Chapter IV: Arithmetic Logic Units in NetBurst Micro-Architecture
This chapter is going to be devoted to ALU units of the NetBurst micro-architecture, including double-frequency ALUs.
As you remember, the major task of the Pentium 4 micro-architecture is to increase the performance by raising the working frequency. To increase the frequency, we need to perform major integer operations as fast as possible. However, the integer units differ a lot in complexity because so do the operations they execute: some of them are very complex and some of them are simple.
However, Intel engineers found a very unusual but efficient way of increasing the integer operations execution. All uop-s that come to ALU can be performed by two types of units: one [integer] slow ALU and two [integer] fast ALUs. The first unit can process quite a big number of integer operations, in particular it deals with most complex integer operations. At least this was what we thought about it at first, judging by its name. The reality, however, is going to be much more sophisticated. But let’s not rush ahead of time now.
Two fast ALU units are much more interesting and much narrowed specified. They are intended for simple integer operations, such as calculating the sum of two integers. But they perform this addition much faster than the slow ALU would have done it, because they work at double the processor clock frequency. It means that a CPU working at the actual core clock frequency of 3GHz has some units working at 6GHz (note that fast ALU are not the only units working at the double processor frequency, they are just a part of a much bigger system). We would like to point out that these two units are not identical: fast ALU 0 is more universal than fast ALU 1 and knows to execute much more commands.
But the most important is the following: in order to make it easier to speed up this part of the CPU, fast ALU consists of two 16bit wide “sub-units”, which are shifted by one stage from one another. The numbers addition is split into a few stages, so that to reduce the amount of work to be done at each stage, so that the ALU working frequency could get higher. Note that right now we are talking about the Northwood core. Prescott core is completely different at this point.
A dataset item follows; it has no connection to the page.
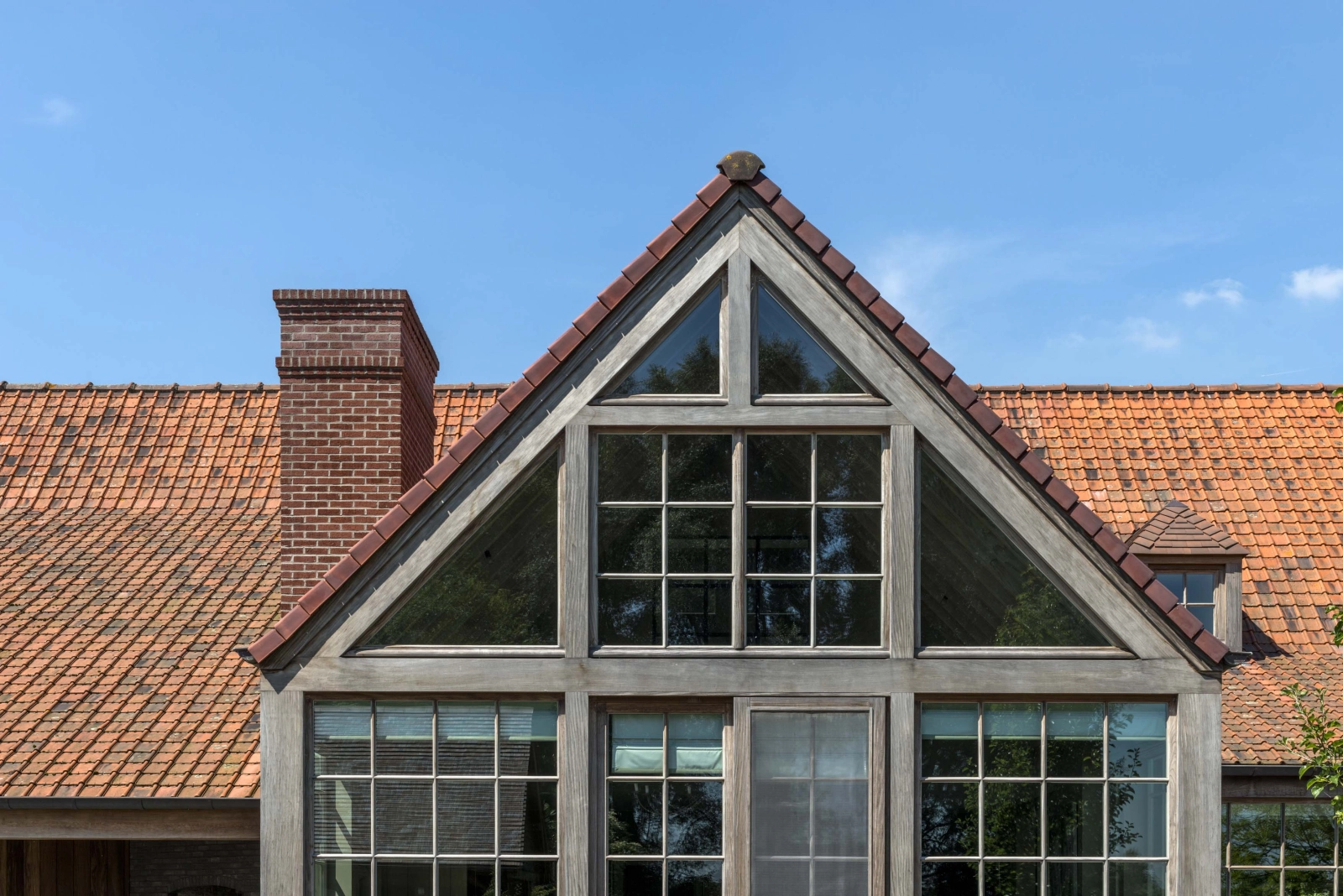 Villa Wielsbeke Eribo Waregem aannemer bouw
As a result, fast ALU processes numbers “by halves”. But it does it not every clock cycle but twice as fast, every half a cycle (they are called ticks). To be more exact, it works at its own frequency which is twice as high as the rest of the CPU frequency (let me call it nominal frequency). Let me remind you that when we speak of the frequency “rest of the CPU” works at we exclude Trace cache (which works at twice as low frequency as the data cache), and a few other units working at twice the CPU frequency, just like fast ALU. Each process in fast ALU is synchronized with a half of the nominal processor clock. As a result, each clock of the fast ALU is as long as only half of the “nominal” clock. All units working at twice the processor frequency are called Rapid Execution Engine, although now there is a tendency towards using this term in a broader meaning. So, let’s sum it all up now. In the Pentium 4 processor there are units that work at different frequencies at the same time: Trace cache works at half the nominal core frequency, Rapid Execution Engine (including fast ALU and the corresponding managing units) works at twice the nominal core frequency, and all the other processor units – at the nominal core frequency.